1. **Data** (included): `dataset/raw_data_uc_cd/` contains 8 cohorts.

   **Data sources** (BioProject IDs):
   | Cohort | BioProject | Link |
   |--------|-----------|------|
   | Ananthakrishnan_2017 | PRJNA384246 | https://www.ncbi.nlm.nih.gov/bioproject/PRJNA384246 |
   | Franzosa_2019B/N | PRJNA400072 | https://www.ncbi.nlm.nih.gov/bioproject/PRJNA400072 |
   | Khachatryan_2023 | PRJNA893901 | https://www.ncbi.nlm.nih.gov/bioproject/PRJNA893901 |
   | Kumbhari_2024 | PRJNA993675 | https://www.ncbi.nlm.nih.gov/bioproject/PRJNA993675 |
   | Lee_2021 | PRJNA685168 | https://www.ncbi.nlm.nih.gov/bioproject/PRJNA685168 |
   | Lloyd-Price_2019 | PRJNA398089 | https://www.ncbi.nlm.nih.gov/bioproject/PRJNA398089 |
   | Ning_2023 | PRJCA017408 | https://www.ncbi.nlm.nih.gov/bioproject/PRJCA017408 |

   We keep one dataset here for fast testing purposes.
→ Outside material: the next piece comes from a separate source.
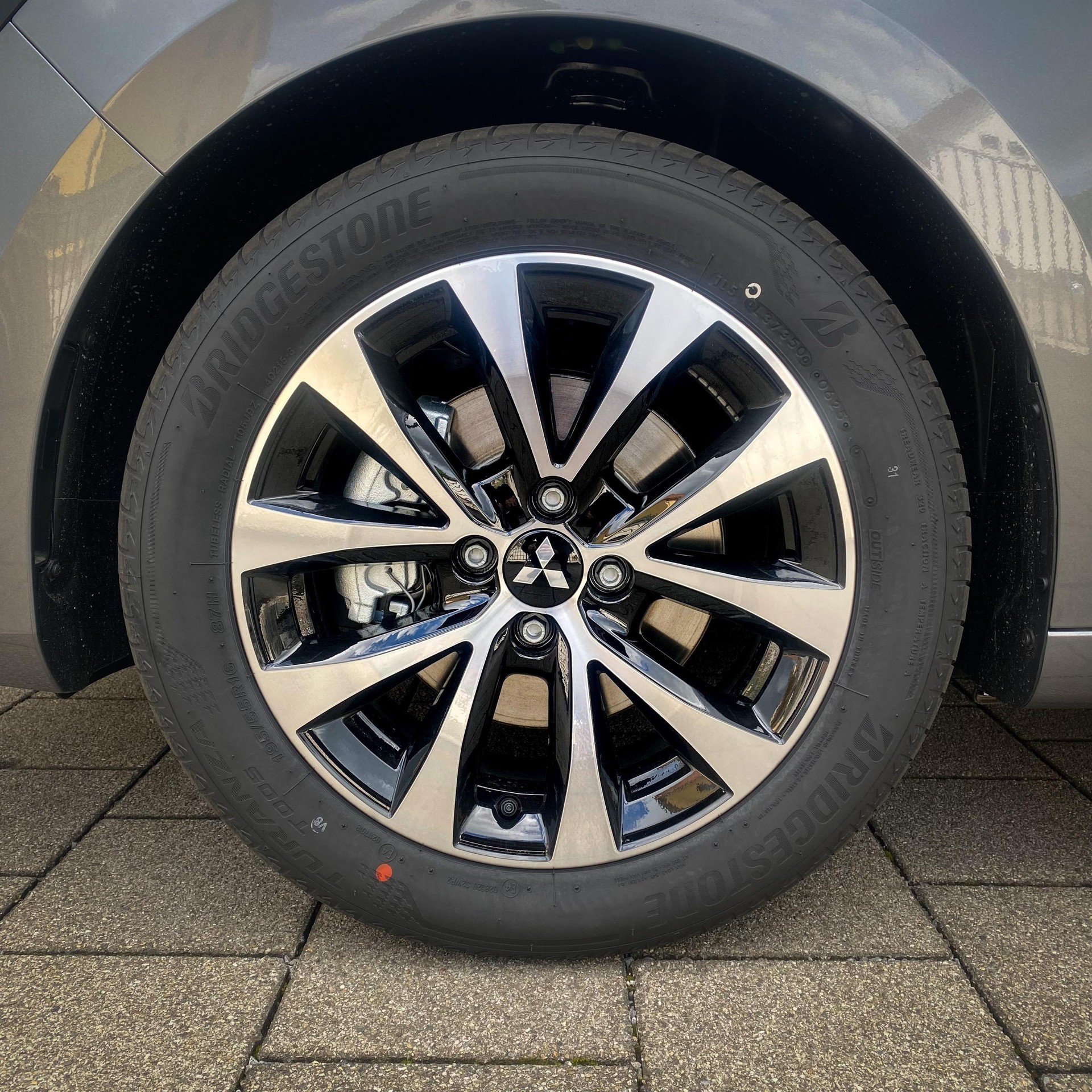 MITSUBISHI Colt 1.6 HEV Invite+-image-3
2. **Update `configs/yes_no_ilora_uc_cd.yaml`**:
   ```yaml
   model_name: "path/to/Qwen3-8B"
   save_dataset_path: "dataset/processed_data/IBD_UC_CD_yes_no"
   ```

3. **Create dataset**:
   ```bash
   python Task2/src/datasetCreate/yes_no_datasetCreate_uc_cd.py \
     --config_path configs/yes_no_datasetCreate_uc_cd.yaml
   ```

4. **Train**:
   ```bash
   python Task2/src/ilora/main_ilora.py \
     --config_path configs/yes_no_ilora_uc_cd.yaml
   ```
   Checkpoints: `outputs/yes_no_ilora_uc_cd/checkpoints/`

---

## Configuration

**Task1** (`Task1/config.yaml`): Model path, dataset paths.

**Task2** (`configs/yes_no_ilora_uc_cd.yaml`):
```yaml
lora:
  r: 16                      # LoRA rank
  lora_alpha: 32
  target_modules: [q_proj, v_proj, k_proj, o_proj]

training:
  batch_size: 2
  num_train_epochs: 6
  learning_rate: 0.0002
  ilora_loss_weight_laplace: 1e-3
  ilora_loss_weight_binomial: 1e-3
  use_ilora: true
```

---

## Troubleshooting

| Issue | Solution |
|-------|----------|
| `ModuleNotFoundError` | Run from repo root: `python Task1/main_ilora.py` |
| `CUDA out of memory` | Reduce `batch_size` or `max_seq_length` in config |
| Model not found | Ensure path in config is correct (absolute or repo-relative) |
| Data path errors | Verify `ls Molweni-main/MRC\(withDiscourse\)/` or `ls dataset/raw_data_uc_cd/` |

---

## Project Structure

```
├── Task1/               # Molweni MRC
├── Task2/src/          # IBD classification
├── configs/            # Task2 configs
├── dataset/            # Raw & processed data
├── run/ & utils/       # Training framework
└── requirements.txt
```

---

## Dependencies

See `requirements.txt`. Key packages: torch, transformers, peft, datasets, accelerate, scikit-learn.

---

## Attribution

Includes code from **Wang-ML-Lab/bayesian-peft** (MIT License). See `THIRD_PARTY_NOTICES.txt`.